What is the best GPU for running DeepSeek-V3 models locally?

Question

So Ive been obsessing over the benchmarks for DeepSeek-V3 lately and Im finally ready to pull the trigger on a new setup. Im mostly using it for complex coding tasks and some local data analysis, and the lag on the web versions is just getting to be too much for my patience. My budget is capped right around $4,000 and Im hoping to have this thing built by next Tuesday before my next big project starts.

Right now Im basically torn between two very different setups. I could go the multi-GPU route with two used RTX 3090s, which would give me 48GB of VRAM total. It seems like the most cost-effective way to get enough memory to run a decent quantization of V3 without it crawling, but Im worried about the heat.

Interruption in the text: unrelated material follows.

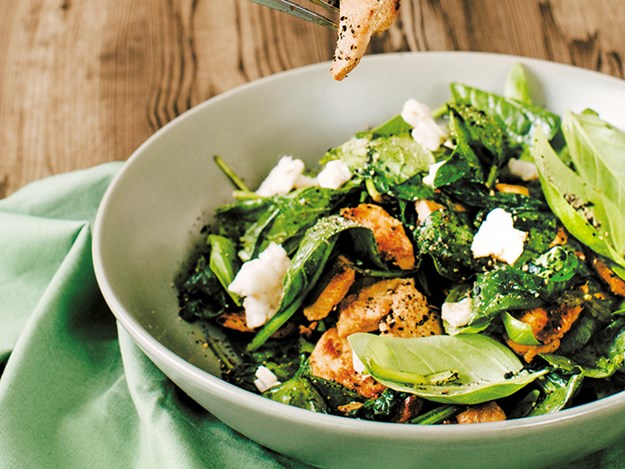 Stir-fried chicken and basil salad on just-wilted spinach.jpg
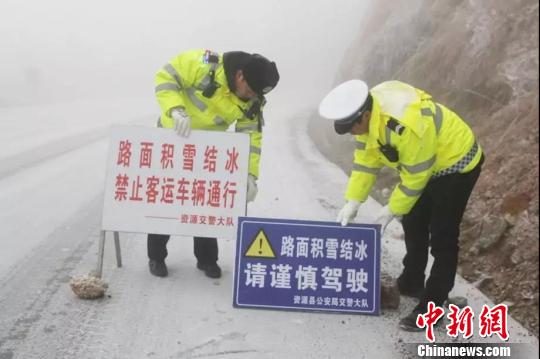 广西雨雪冰冻天气致多条道路交通中断|全州|路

My home office is tiny and honestly I dont know if my current PSU can handle the spikes from two 3090s.

On the other hand, Ive been looking at a single used RTX A6000 (the 48GB version). It would be way easier to fit in my current case and its much more power efficient, but the raw speed might be slower than dual consumer cards? I also looked at maybe just grabbing a Mac Studio with the M2 Ultra and 128GB of RAM since the unified memory situation is so much easier there, but Im a Windows guy through and through.

Given that V3 is such a massive MoE model, is it better to go for the raw speed of dual 3090s or the stability of a single pro card? Or am I totally off base and need even more VRAM than 48GB to make this thing actually usable for daily coding?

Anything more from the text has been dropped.